Would like to know a bit about why the show is going to more and more drama and less and less about AXMEN.

Hal


----------



## carym2a (Apr 10, 2012)

I think they are going for the drama city type, wwf wanta be's, and romper room crowd, I think its an absolute gross insult to the timber and lumber industry. It's like they are backed by the environ-mental-ists to try and show what kind of out of control crybabies are out in our forests killing trees. thanks alot AXMEN way to represent all of us!

Cary


----------



## chucker (Apr 15, 2012)

!! SAY WHAT !! NO AXE MEN TONIGHT ?? damn! and here i wanted another lesson on how to whine and cry like a real lumber jack/woodsman.... !!THANKS PRODUCERS!! for another lost lesson....


----------



## chucker (Apr 22, 2012)

*!! " yippi - yea "!!*

so there,s a new addition to teach us how to whine and cry like the real --- best loggers in the woods tonight... so if i cant learn how to whine right with this lesson tonight im just going to take my saw and go home! go home to have a real wine lesson of course...


----------



## superjunior (Apr 22, 2012)

I'd like to see more of the cutting . axmen show seems to concentrate on removing and loading the logs... skips over the little detail of bringing them down... Too dangerous for the camera men?


----------



## dwraisor (Apr 23, 2012)

superjunior said:


> I'd like to see more of the cutting . axmen show seems to concentrate on removing and loading the logs... skips over the little detail of bringing them down... Too dangerous for the camera men?



Hard to stage drama with one cutter, and one camera man... only so many dramatic trees to fell in the woods. They covered leaners, blow downs and barber chairs in seasons one and two... so now then they only have rigging and yarder crew drama to make up...

dw


----------



## D&B Mack (Apr 23, 2012)

dwraisor said:


> Hard to stage drama with one cutter, and one camera man... only so many dramatic trees to fell in the woods. They covered leaners, blow downs and barber chairs in seasons one and two... so now then they only have rigging and yarder crew drama to make up...
> 
> dw



I think that is really the point. They have focused on such a small part of the industry, they had to start drama to make new topics. When they did go outside their realm, they picked some real morons to focus on. They are trying the TV sitcom motive of character development and applying it to a documentary style show. The two just don't mix.


----------



## Dennis Gauge (Apr 23, 2012)

Been said many times, but the TECHNICAL aspect of the business can be covered in excruciating detail, in one two-hour documentary.

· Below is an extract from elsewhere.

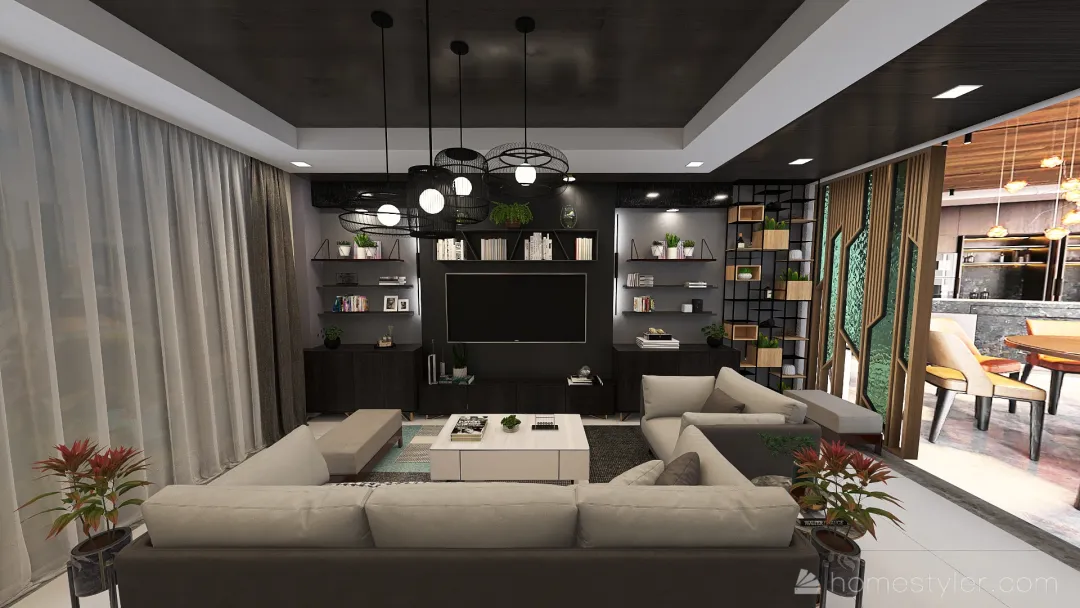 Living Room - Modern Urban Style 3d design renderings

Can you HONESTLY say that you would watch a show about guys cutting down trees for season after season after season?


----------



## dwraisor (Apr 23, 2012)

Dennis Gauge said:


> ...Can you HONESTLY say that you would watch a show about guys cutting down trees for season after season after season?




Probably not, but they could at least show the jobs start to finish, from the day the first tree is felled until the last is loaded, not just the yarder setup, and the the riggin work. They should mix in more cutting.

dw


----------



## D&B Mack (Apr 24, 2012)

Dennis Gauge said:


> Been said many times, but the TECHNICAL aspect of the business can be covered in excruciating detail, in one two-hour documentary.
> 
> Can you HONESTLY say that you would watch a show about guys cutting down trees for season after season after season?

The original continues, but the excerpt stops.